In this thesis, we explore methods to achieve extremely high speedups in both CNN model inference,
and train-times for AL setups.
Various paradigms to achieve fast CNN inference have been explored in the past, two major ones
being binarization and pruning. Binarization involves the quantization of weights and/or inputs of the
network from 32-bit full precision floats into a {-1,+1} space, with the aim of both achieving compression (as singular bits occupy 32 times less space than 32-bit floats) and speedups (as bit-bit operations
can be done faster). Network pruning, on the other hand, tries to identify and remove redundant parts
of the network in an unstructured (individual weights) or structured (channels/layers) manner to create
sparse and efficient networks. While both these paradigms – binarization and pruning – have demonstrated great efficacy in achieving speedups and compression in CNNs, little work has been done in
attempting to combine both approaches together.
We argue that these paradigms are complementary, and can be combined to offer high levels of
compression and speedup without any significant accuracy loss.
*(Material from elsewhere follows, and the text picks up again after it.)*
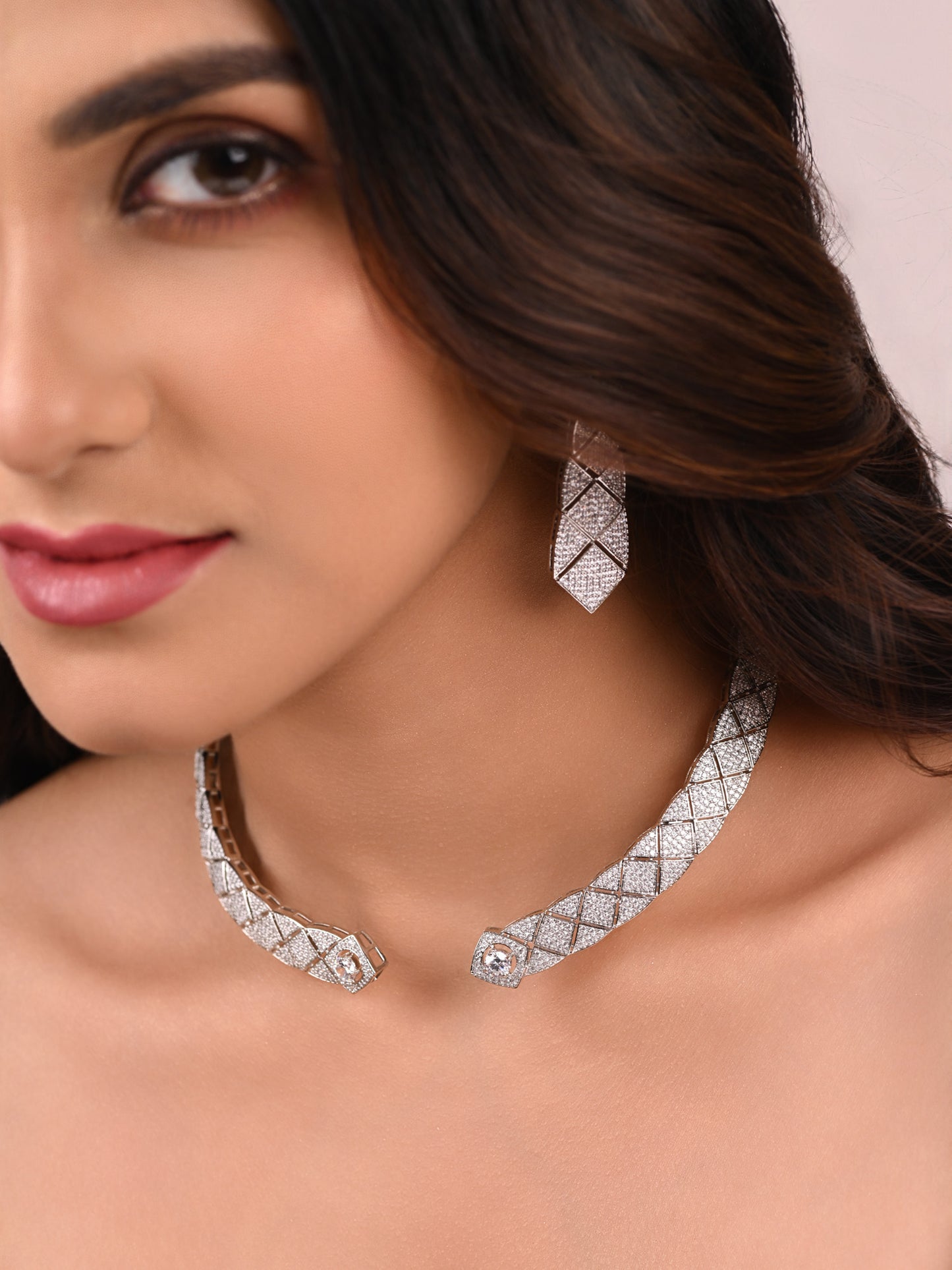 Italian Open Collar Necklace Set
Intuitively, weights/activations closer
to zero have higher binarization error making them good candidates for pruning. We propose a novel
Structured Ternary-Quantized Network that incorporates speedups from binary convolution algorithms
through structured pruning, enabling the removal of pruned parts of the network entirely post-training.
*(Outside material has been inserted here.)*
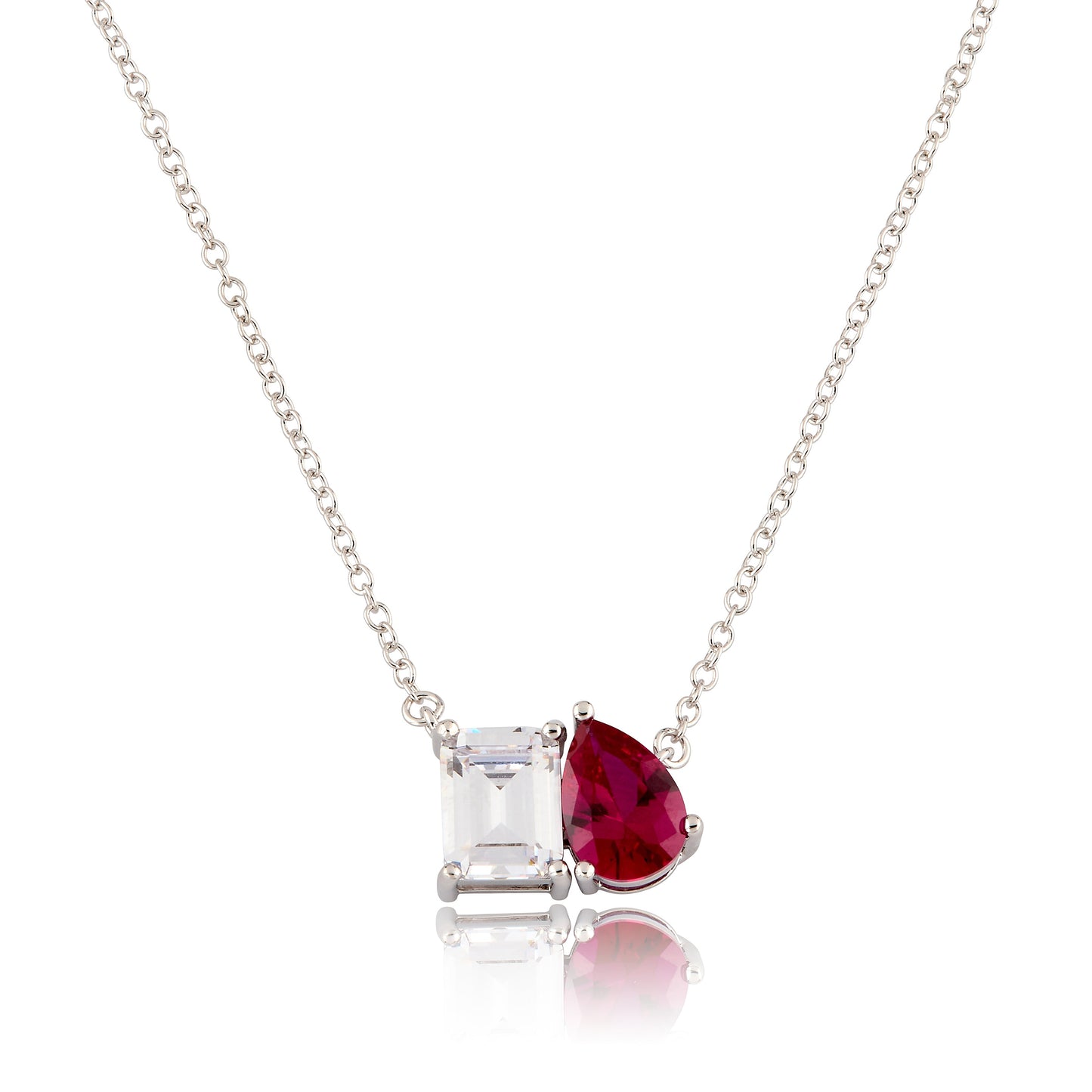 Riccova Classic Me & You Solitaire Necklace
Our approach beats previous works attempting the same by a significant margin. Overall, our method
brings up to 89x layer-wise compression over the corresponding full-precision networks – achieving
only 0.33% loss on CIFAR-10 with ResNet-18 with a 40% PFR (Prune Factor Ratio for filters), and 0.3% on ImageNet with ResNet-18 with a 19% PFR.
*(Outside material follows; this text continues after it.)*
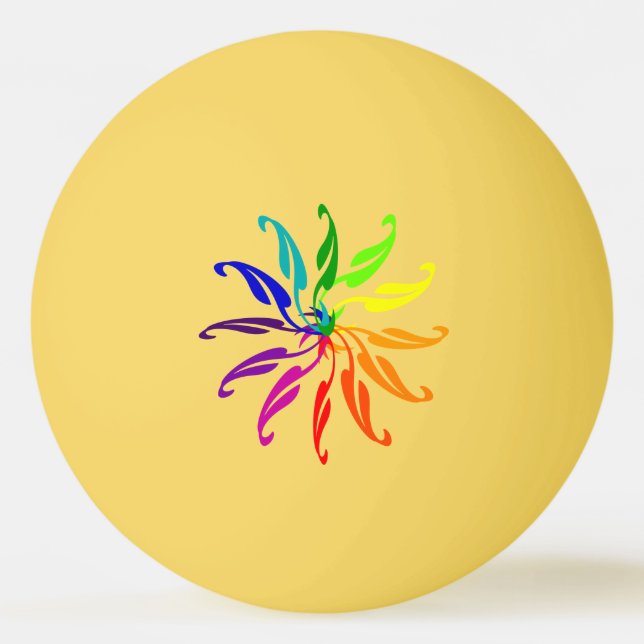 Ping Pong Ball - Colour Wheel Leaves (Front)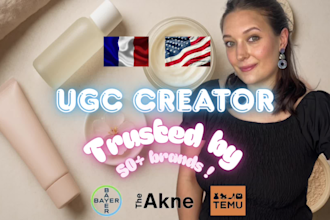 be your professional actress for french and english ugc ads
We also explore the field of AL (Active Learning), which is used in scenarios where unlabelled
data is abundant, but annotation costs for that data make it infeasible to utilize all data for supervised
training. AL methods initially train a model with a small pool of annotated data, and use the model’s
(referred to as the selection model) predictions on the rest of the unlabelled data to form a query for
annotating more samples. The training-query process iteratively happens till a sufficient amount of data
is labelled. However, in practice, this sample selection practice in AL setups takes a lot of time as the
selection model is fully re-trained on the labelled pool every iteration. We offer two improvements to
the standard AL setup to bring down the overall train time required for sample selection significantly:
the first, the introduction of a “memory” that enables us to train the selection model for fewer samples
every round as opposed to the entire labelled dataset so far, and the second, the use of fast convergence
techniques to reduce the number of epochs the selection model trains for.
Our proposed improvements can work in tandem with previous techniques such as the use of proxy
models for selection, and the combined improvements can bring more than 75x speedups in overall
sample selection time to standard AL setups, making them feasible and easy to run in real-life scenarios
where procuring large amounts of data is easy, but labelling them is difficult.